Monday, March 02, 2009

10 days without a wife.

I am fair sized, maybe past my prime, but hopefully not too far over the hill. My mind can still remember most things. She is small, and growing smaller, frail and can not remember things. The two of us have been together for a number of years now. She is my mother-in-law.

Her daughter, the one I married, is off visiting one of our daughters, playing the role of grandmother to their two young daughters.

First, I am very pleased that my wife can make this visit. A friend of hers who was driving to Virginia wanted a passenger.

Secondly, while the above is true, this visit has give me an opportunity to care for my mother-in-law. While physically healthy she is frail, her mind can not retain current events or even much of the past. While she might remember past accommodation she can not hang onto the information that she now lives in our house with us. She remembers being helpful while not remembering that she can not do even the simplest tasks now without constant supervision.

Therefore, while my wife has been away I have moved from the church office to our living room. I am here to care for her. While not physically demanding, this task does call for patience, love, thoughtfulness and gentleness. These virtues are not all naturally occurring in me. I do testify that if these have been in my life this week, as at any time, they are there because of the God who is working His work in me. (Eph. 2:10)

There have been time when I just wanted to . . . However, at the same time, my companion has been relatively easy to care for. There has been but one major mishap to clean up, there could have been many more. I must give praise and credit to the Lord for providing, in his grace and providence, a pleasant time.

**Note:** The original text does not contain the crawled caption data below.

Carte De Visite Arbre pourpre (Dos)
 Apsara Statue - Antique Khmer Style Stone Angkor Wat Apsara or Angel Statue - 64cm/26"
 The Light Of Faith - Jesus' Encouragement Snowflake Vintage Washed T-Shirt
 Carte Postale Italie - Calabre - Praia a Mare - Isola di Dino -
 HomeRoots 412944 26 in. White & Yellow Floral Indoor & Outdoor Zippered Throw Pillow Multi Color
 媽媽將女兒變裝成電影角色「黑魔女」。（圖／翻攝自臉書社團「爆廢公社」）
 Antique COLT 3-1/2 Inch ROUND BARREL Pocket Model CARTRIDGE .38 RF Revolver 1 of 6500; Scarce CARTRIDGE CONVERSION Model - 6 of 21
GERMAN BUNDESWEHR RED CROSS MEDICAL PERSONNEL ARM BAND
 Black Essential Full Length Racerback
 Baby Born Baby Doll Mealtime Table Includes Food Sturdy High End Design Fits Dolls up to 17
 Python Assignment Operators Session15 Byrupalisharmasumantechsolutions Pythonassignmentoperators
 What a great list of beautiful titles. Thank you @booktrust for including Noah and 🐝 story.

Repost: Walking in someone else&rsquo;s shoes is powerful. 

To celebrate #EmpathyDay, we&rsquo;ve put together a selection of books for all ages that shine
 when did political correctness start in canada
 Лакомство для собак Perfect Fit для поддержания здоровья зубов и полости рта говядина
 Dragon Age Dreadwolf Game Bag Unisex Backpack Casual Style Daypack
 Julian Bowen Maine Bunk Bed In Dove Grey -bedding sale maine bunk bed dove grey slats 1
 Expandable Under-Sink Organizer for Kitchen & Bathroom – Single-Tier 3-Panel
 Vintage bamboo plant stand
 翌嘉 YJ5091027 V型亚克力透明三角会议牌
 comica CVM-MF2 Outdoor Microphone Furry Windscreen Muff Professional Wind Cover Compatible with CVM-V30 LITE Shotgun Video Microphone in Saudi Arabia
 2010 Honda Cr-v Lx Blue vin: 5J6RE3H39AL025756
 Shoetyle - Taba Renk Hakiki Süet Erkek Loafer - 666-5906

As I have aged, i.e. gotten wiser, I have come to realize that doing all to the glory of God does not necessarily mean that I will be assigned big heroic jobs to do for God one after another. More likely, I might be assigned to care for an elderly lady who will provide me with numerous opportunities to do things, conscientiously, for God's glory. These opportunities might easily be missed if I am just waiting for that big moment to serve God, while growing impatience with the constant repetition of questions or statements, uncertainty of purpose for the moment, and the slowness of movement through even the simplest of tasks.

I would like to report that I have done all things perfectly for God's glory. However, that would be a lie. What I can do is testify that God's grace has been sufficient for the moment. Yes, I have struggled, but thanks be to God, I have overcome, by the blood of the Lamb.

1 comment:

Jan said...

Ah, God is full of surprises and for sure He knows us well enough to put those surprises in there to help us grow.